26  Local approximations

We have now encountered three concepts in Calculus that will prove a great help in building models.

  1. Local functions. Chapter 5 looks at two functions that describe local behavior: the sigmoid and its derivative, the gaussian. In fact, any function can be used as a local function, so long as the modeler considers only a small part of the domain.

  2. Rates of change. Often, information about a system comes in the form of how the output from the system changes with respect to the input.

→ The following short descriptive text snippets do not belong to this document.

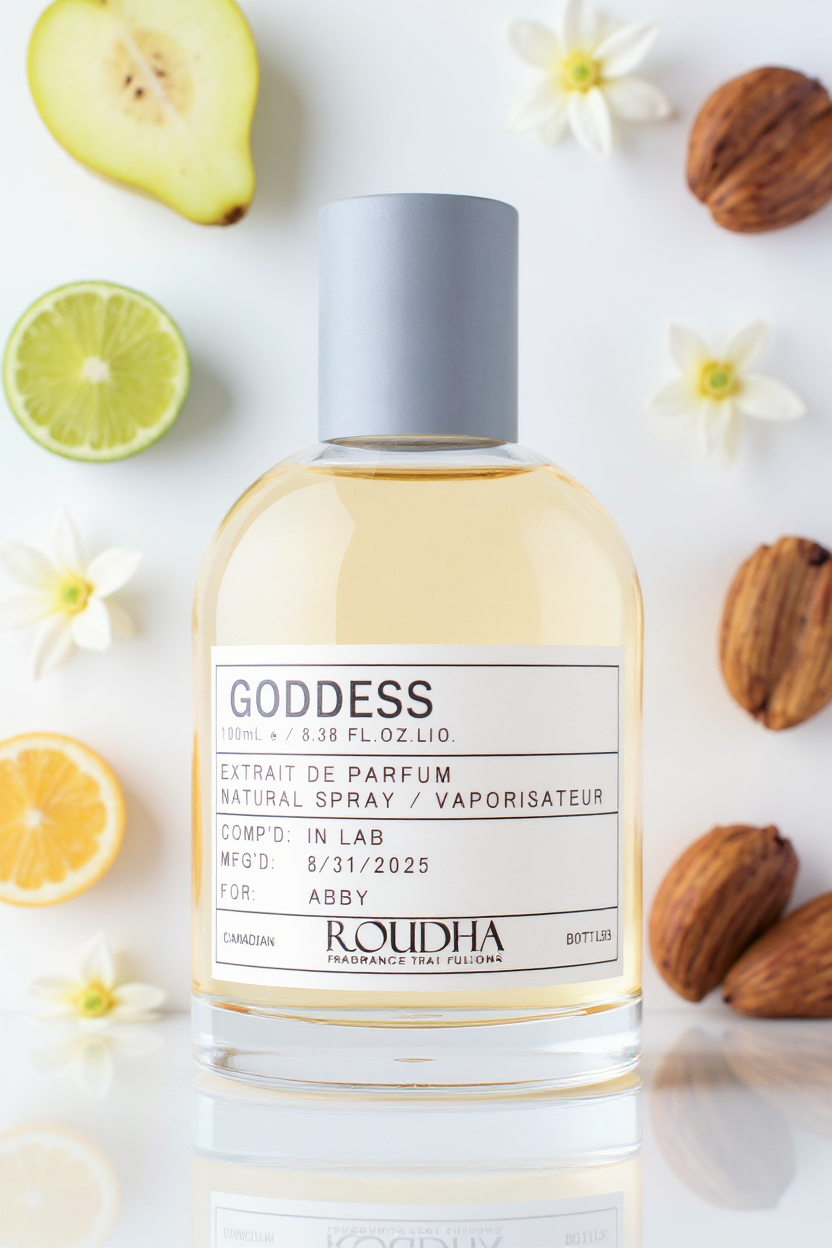 GODDESS perfume bottle - fresh fruity pear jasmine vanilla cedar feminine fragrance by Roudha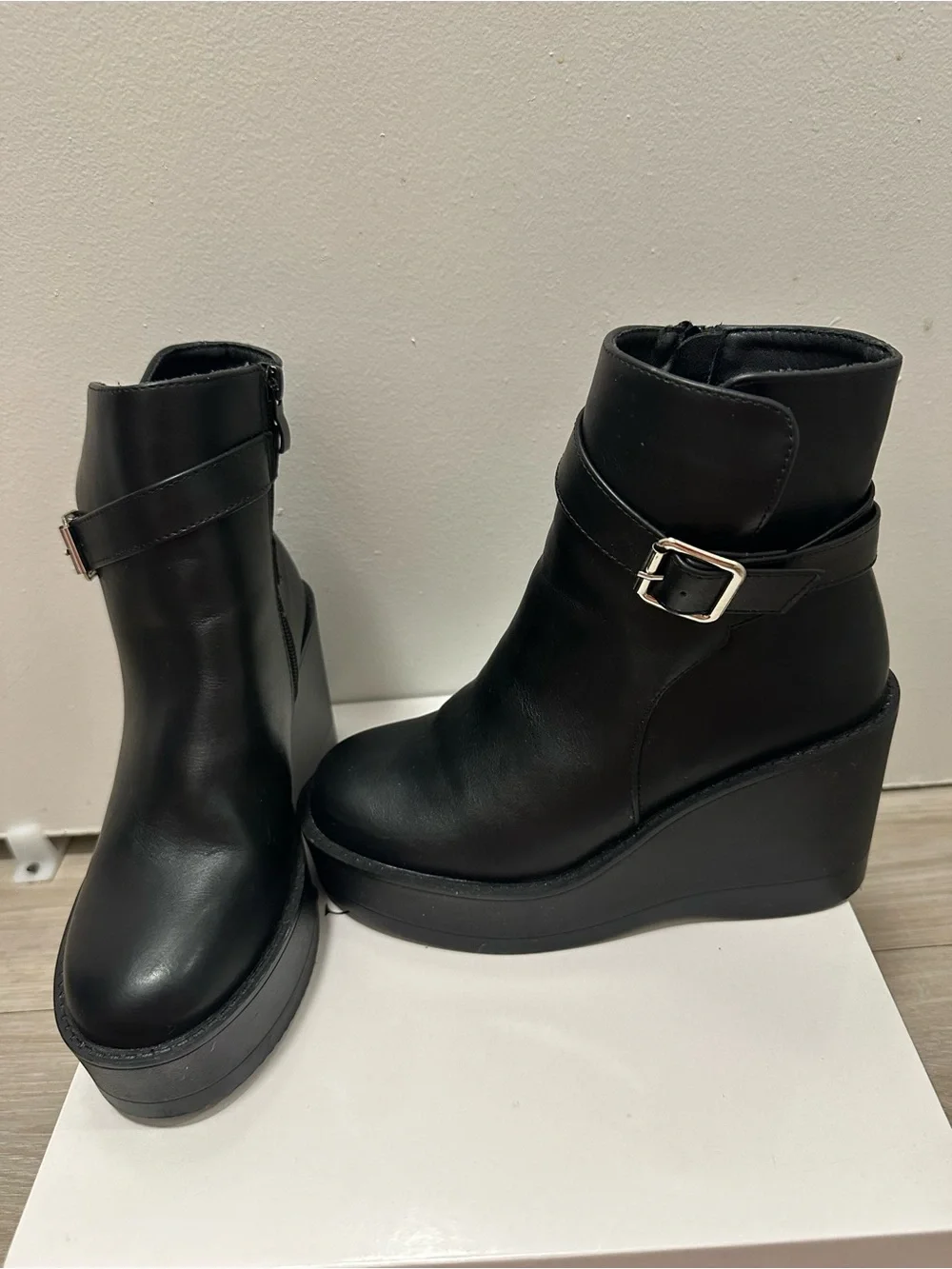 Black Wedge Ankle Boot with Buckle Strap
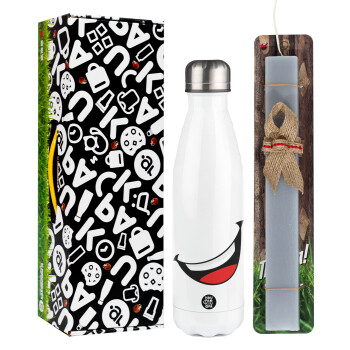Φατσούλα γελάω!!!, Easter candle, metallic white thermos bottle (500ml) & aromatic flat candle (30cm) (GRAY)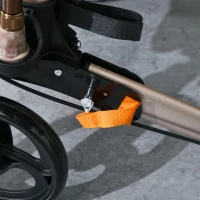 HOMCOM Rollator Walker with Seat, Compact Quick Folding Mobility Walker with 8" Wheels, Carry Bag, Adjustable Height, Cane Holder and Lightweight Aluminium Frame for Seniors and Disabled, Gold Tone(m-11)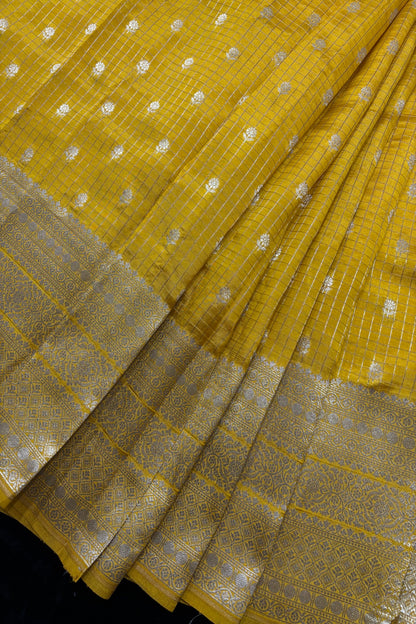 Vintage Checks Pure Banaras Silk Lehenga Fabric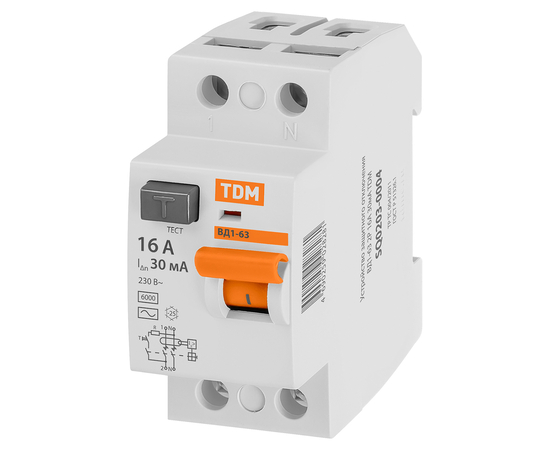 TDM УЗО ВД1-63 2/16А 30мА, фото 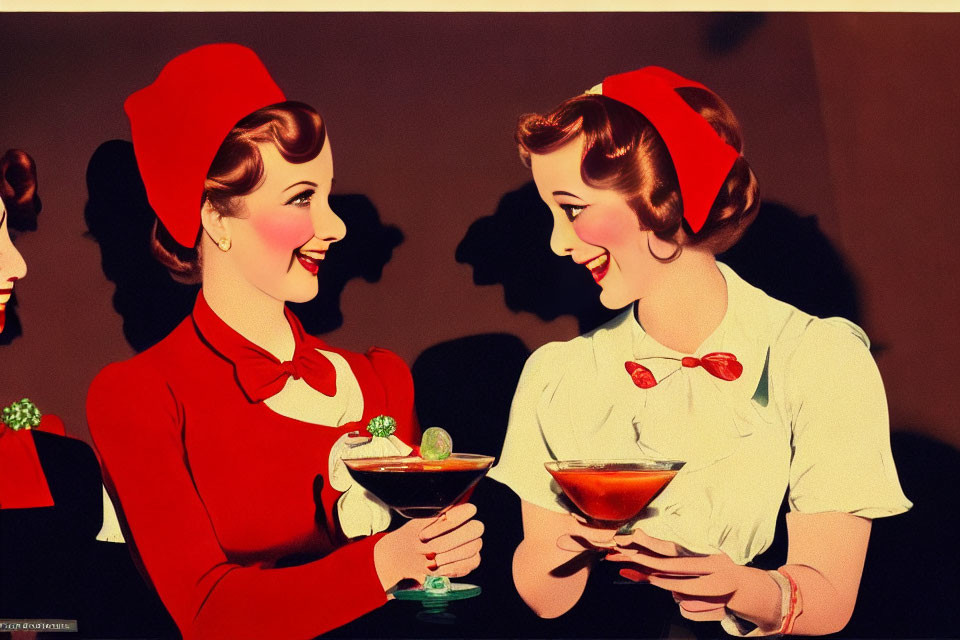 Two women in vintage attire with red hats and bows, smiling and holding martini glasses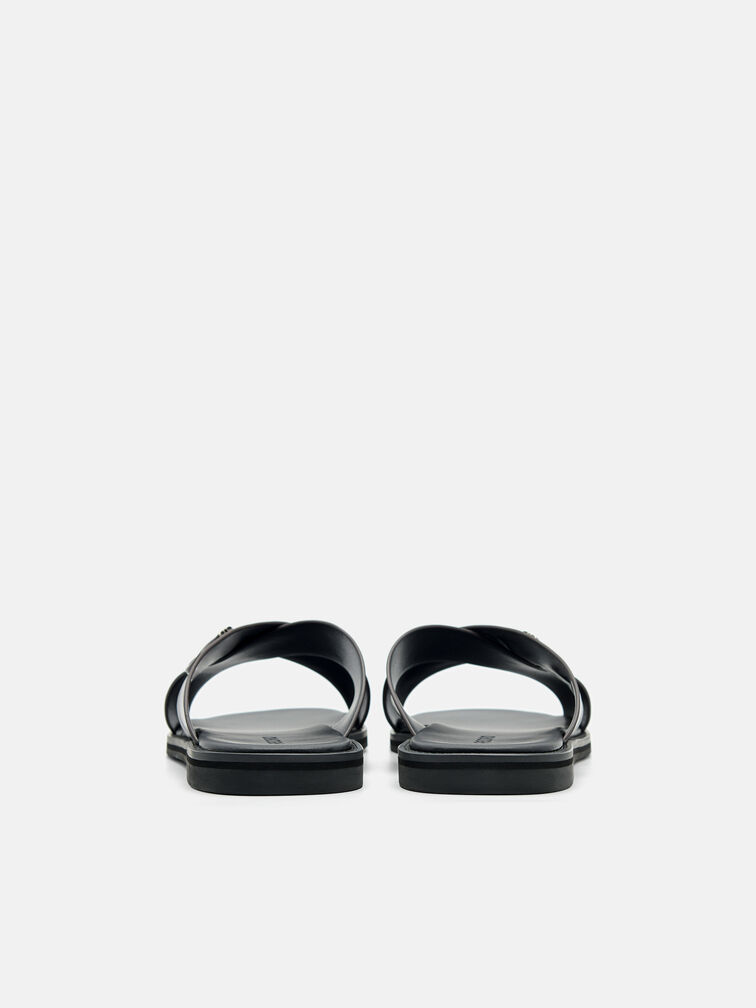 Cross Sandals, Dark Brown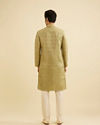 Manyavar Men Soft Green Jaal Medallion Patterned Kurta Set with Rhinestones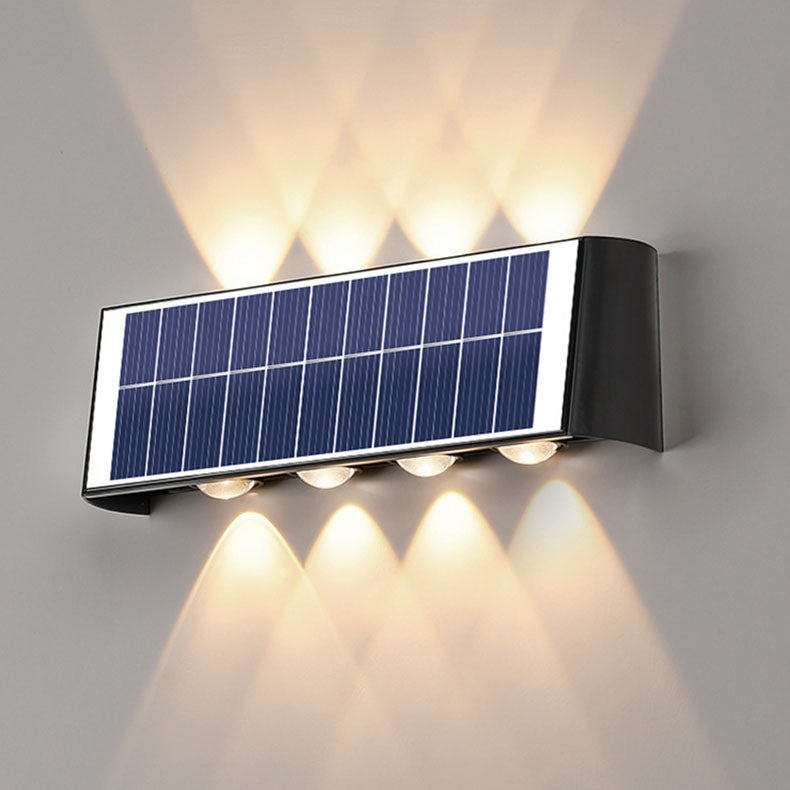 Modern Simplicity Solar Waterproof Rectangular ABS PMMA LED Wall Light Lamp For Outdoor Patio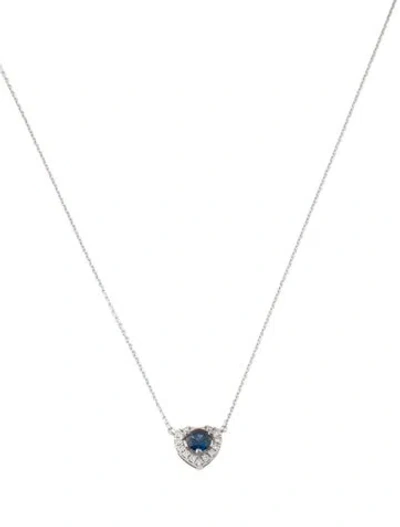 Pre-owned Necklace 18k Sapphire & Diamond Heart Pendant , 17.5" In Multi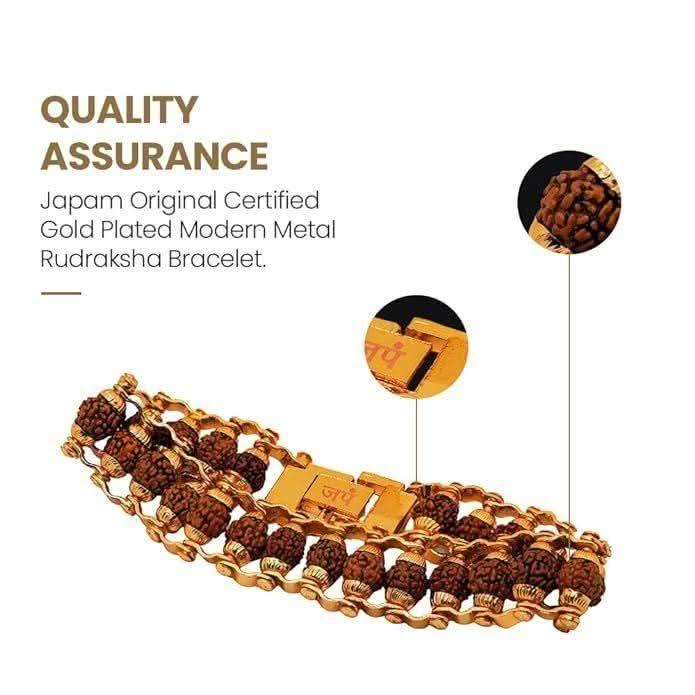 Genuine Paanch Mukhi Modern Rudraksha Bracelet With Gold Plating. - superseekers.in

  3. Partial derivatives. We can greatly simplify a complex system by looking at the output with respect to only one of the inputs at a time. In science, experiments are often arranged to accomplish this: the output is monitored while one input is changed and the others forced to be constant.

Application area 26.1 Simple experiments

Consider the problem of studying how plant growth is influenced by available water. It won’t be meaningful to compare tropical rain forests with high-latitude boreal forests. The availability of water is only one of many ways in which they differ. In a plant-growth experiment, one would hold the plant species and light exposure constant, and vary the water between specimens.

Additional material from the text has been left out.